I never really think of myself as proud. But I do realise that sometimes my pride is like the glass window to a bee trapped in a room.

Being this bee trapped in the room, I'm forced to look through the window. Seeing the outside but not hearing it. And so I don't have a full understanding of my environment.
Hmm...this analogy seems to have carried itself further than I thought it would.

My pride is what stops me from being open to new people I guess. It's something that stops me from being free of inhibitions. Pride is what makes us look at people with different hair/clothes/accents and give them names like chav. You may say it's prejudice. But really it's our pride, the thing that makes us feel we're somehow better than them, that we have dominion over them. And so we name them.
Pride is lame....

Anyway. So this fiasco has led me to believe I'm going to be alone forever. If I can't even get my friends to like me, how am I going to get a bloke to love me?!

Aside Re: The wonderful from the Hawk. He didn't trick me twice. He didn't come in on Saturday, I rang, he said he'd see me on Sunday, I said no I work Wednesday, then I breezed over it all before he got a chance to say/do anything.

On Sunday, my mum put two proposals from some people she knows on my plate. I was shocked. Surprised. I said yes gimme gimme. Then an hour later I said no. These guys are from my land. Snapland. I don't like boys from Snapland generally. So I shouldn't waste their time.

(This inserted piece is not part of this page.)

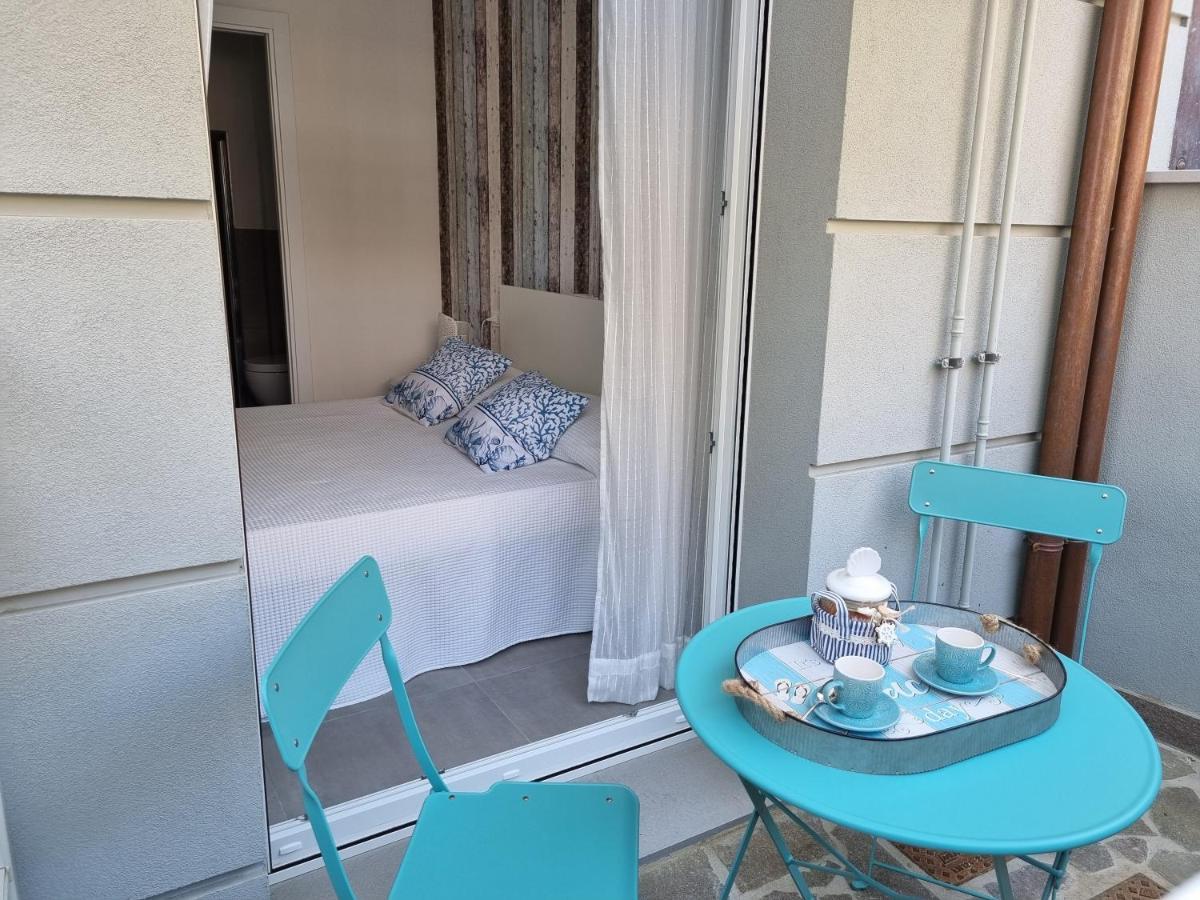 Hotel Residenza Azzurra Cattolica Esterno foto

Then I fell further into my dying-alone stupor.


What is it with my wanting to be with someone? Why can't I just be happy as I am?! I'm only twenty, coming to the end of my time at the Dictator, and I ought to be happy that I've got the next few years to figure out what I want in life. And yet I find myself falling into that hideous persona of a chick wishing to wed. As I said earlier, I think this may just be a side-effect of feeling rejected by Woody and Xia.
Nano says they're not worth my time. Sylverine agrees. Yoohoo advises the complete opposite. My mum says I should trust my instinct.


My instinct has me wanting a man in my life.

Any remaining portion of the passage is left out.